The changes enacted by the 125th Legislature after the 2010 gubernatorial election were intended to alleviate confusion in the election process, said Dunlap. In 2010, in the days prior to the election, many voters who had submitted absentee ballots were encouraged to contact their town clerks and declare that they had spoiled their ballots and to request new ballots so that they could vote for a different candidate. It had always been the interpretation of the office of the Secretary of State that simply changing ones mind was not sufficient grounds to request a new ballot, but the law was unclear, so the effort was made to assist voters and later seek clarification from the Legislature that the intent of the law was not meant to force expenditure of additional unbudgeted resources in order to accommodate re-voting ballots that have already been submitted. In 2011, the Legislature agreed, and made changes to the law to reflect that interpretation.

Maine election law, Title 21-A Section 753-B Subsection 4, was amended in two important ways; first, that an absentee ballot cannot be declared to be spoiled once it has been returned to the clerk, and, second, that good cause for declaring a spoiled ballot does not include a voters decision to change their vote. Additionally, Maine law requires that if a candidate formally withdraws from the race, he or she must do so at least 60 days before the general election in order to trigger reprinting ballots without that candidates name. If that had occurred, then absentee voters would be issued new ballots.

Here is the text of the statute, with these elements emphasized:

4.Duplicate ballot. The clerk may issue a duplicate state absentee ballot to an applicant if the initially issued ballot has not already been marked and returned to the clerk, the applicant requests one by an acceptable method outlined in this subchapter and:

A. The applicant states good cause, including, but not limited to, loss of, spoiling of or damage to the first absentee ballot.

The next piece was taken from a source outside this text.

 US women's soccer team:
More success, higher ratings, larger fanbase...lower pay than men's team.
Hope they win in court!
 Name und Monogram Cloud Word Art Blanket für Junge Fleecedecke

Good cause does not include an applicant's decision to change the applicant's vote after the applicant has returned the ballot to the clerk; or [2011, c. 40, 1 (AMD).]

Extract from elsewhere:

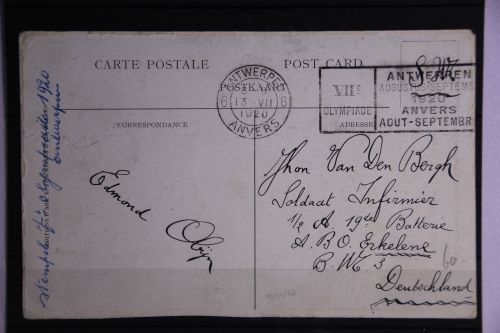 Belgien gestempelt auf Postkarte mit Stempel Olympische Spiele 1920 #GF555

B. An absentee ballot for the applicant that was furnished to a designated 3rd person was not returned to the clerk's office within the time limit provided in subsection 3. If a ballot for an applicant is not returned to the clerk within that time limit, the clerk shall mail or hand deliver a ballot to that applicant and may not issue another ballot to the applicant except for good cause as provided in this subsection. This paragraph does not affect the deadline for delivery of absentee ballots under section 755. [2003, c. 447, 31 (AMD).]

The clerk may issue a 2nd state absentee ballot to a voter from whom the clerk has received a return envelope apparently containing a state absentee ballot when the State has provided the clerk with replacement ballots to reflect the removal of a candidate's name or the addition of a new candidate's name or the correction of an error or when the absentee ballot envelope has a defect in the affidavit that would cause the ballot to be rejected. When a 2nd state absentee ballot is issued to a voter under this section, the clerk must write the words "second ballot issued" on the return envelope.

The announcement by a candidate that voters can choose whoever they want only underscores the conditions of any election, said Dunlap. These procedures have been enacted by the Legislature to ensure an orderly process for voters to follow once they have made up their minds as to how they wish their vote to be cast.

The Legislature recognized that neither we nor our towns have infinite resources to reflect changes in voter intent based on changes in published pre-election polls, said Dunlap.